The UK and Trident.
The UK’s current nuclear deterrent is the Trident system. First acquired by Margaret Thatcher’s government in 1980, it now consists of four Vanguard-class submarines, capable of carrying up to sixteen Trident II D5 missiles. In total, each submarine carries forty-eight warheads. One submarine is always armed and at sea, whilst another may be undergoing maintenance, and the remaining vessels are in port or involved in training exercises. Trident’s maintenance consumes approximately 6% of the UK’s defence budget, about £1.6bn. However, in order to replace it, as its technology becomes obsolete and new submarines need developing, would cost approximately £167bn.
However, Kate Hudson, of the Campaign for Nuclear Disarmament (CND), estimates the cost could be as much as £182bn, and is quoted as saying: “In its determination to replace this cold war relic, the government is prepared to keep on spending, even if it’s to the detriment of …tackling the real security threats we face.” In fact, in their arguments anti-Trident campaigners cite government-identified ‘main’ threats, which the weapons clearly do little to appease. These threats include: terrorism, cyber-attacks, pandemics and climate change. They also note the danger that nuclear weapons pose simply by opening up the possibility of nuclear war.
Meanwhile, North Korea claims to be testing its own nuclear submarines. These vessels, although vastly inferior to the likes of Trident, are still causing concern in the West due to Kim Jong-un’s seemingly unpredictable personality and decision-making.
North Korea’s tumultuous nuclear history is summarised as follows:
1985 – North Korea joins the international Nuclear Non-Proliferation Treaty.

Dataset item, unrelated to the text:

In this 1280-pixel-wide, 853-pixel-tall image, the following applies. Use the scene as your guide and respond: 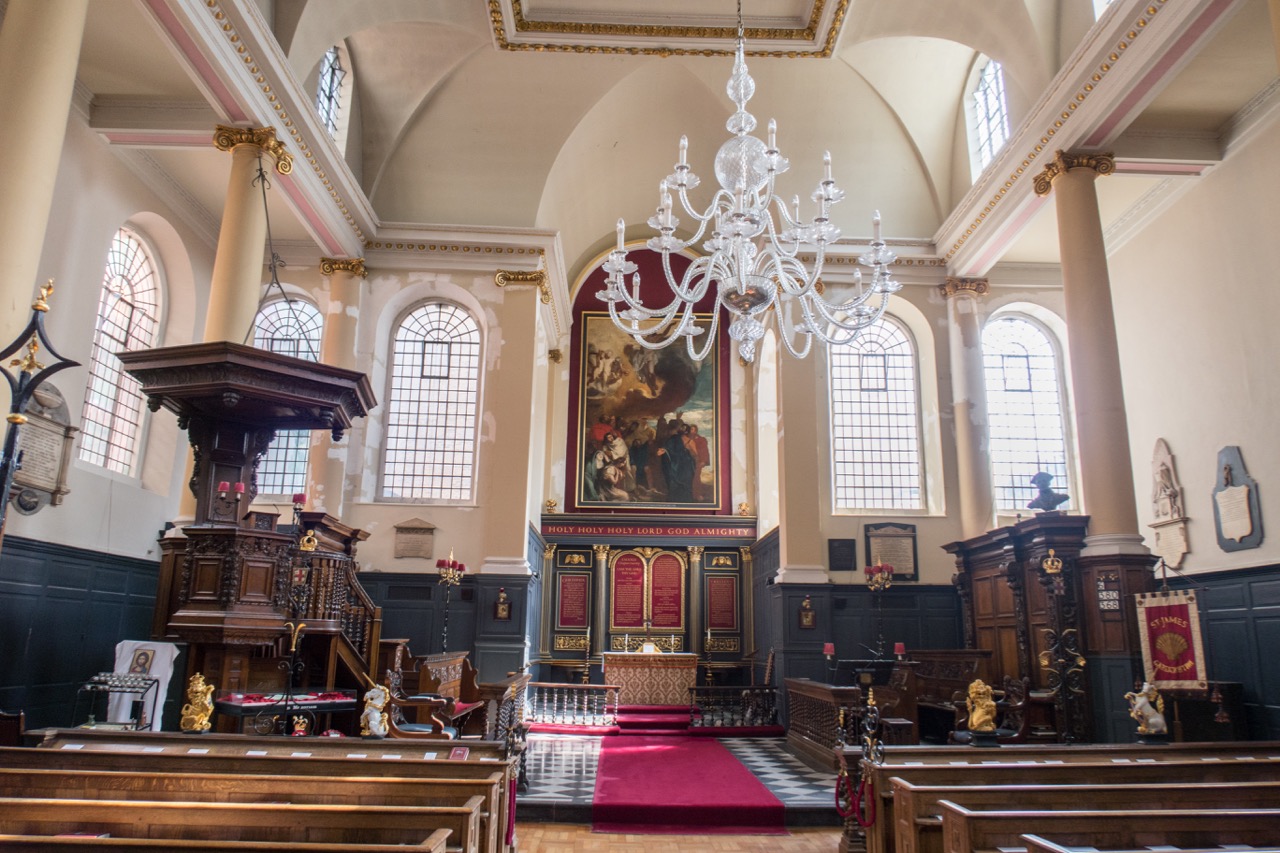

1993 – Accused of violating the Treaty. When demands are made for inspectors be given access to nuclear waste storage sites. North Korea threatens to quit Treaty. Test-fires a medium-range Rodong ballistic missile into the Sea of Japan.
1994 – Pyongyang commits to freezing its nuclear programme in return for heavy fuel oil and two light-water nuclear reactors.
2002 – North Korea announces it is reactivating nuclear facilities at Yongbyon and expels UN inspectors.
2003 – Withdrawal from the Nuclear Non-Proliferation Treaty.
2005 – Admits publicly that it has produced nuclear weapons for “self defence”.
2006 – Test fires seven missiles (including a long-range Taepodong-2 missile, which crashes shortly after take-off). After further underground tests, the UN imposes economic and commercial sanctions.
2008 – North Korea test-fires short-range missiles. Later that year, it makes a declaration of its nuclear assets.
2009 – Condemnation from the UN Security Council prompts the country to walk out of six-party talks and restart nuclear facilities.Second underground test.
2012 – Claims it has missiles than can hit the US mainland.
2013 – Third nuclear test. Subsequently launches four short-range missiles over one weekend.
2014 – Test-firing of two medium-range Rodong ballistic missiles, in violation of UN resolutions. Also test-fires several short-range missiles.
2015 – North Korea puts its Yongbyon nuclear plant back in operation.
2016 – Government announces first test of hydrogen bomb.
Today, the precise details of the country’s nuclear arsenal remain uncertain.
However, given the nuclear capabilities of states such as the UK and US, some groups are eager to point out the hypocrisy of Western policing of countries like North Korea. While the point is certainly valid, it is important that it is not used to excuse North Korea’s seemingly reckless attitude towards their weapons: but to criticise the continued amassing of them by ‘legitimate’ nuclear states.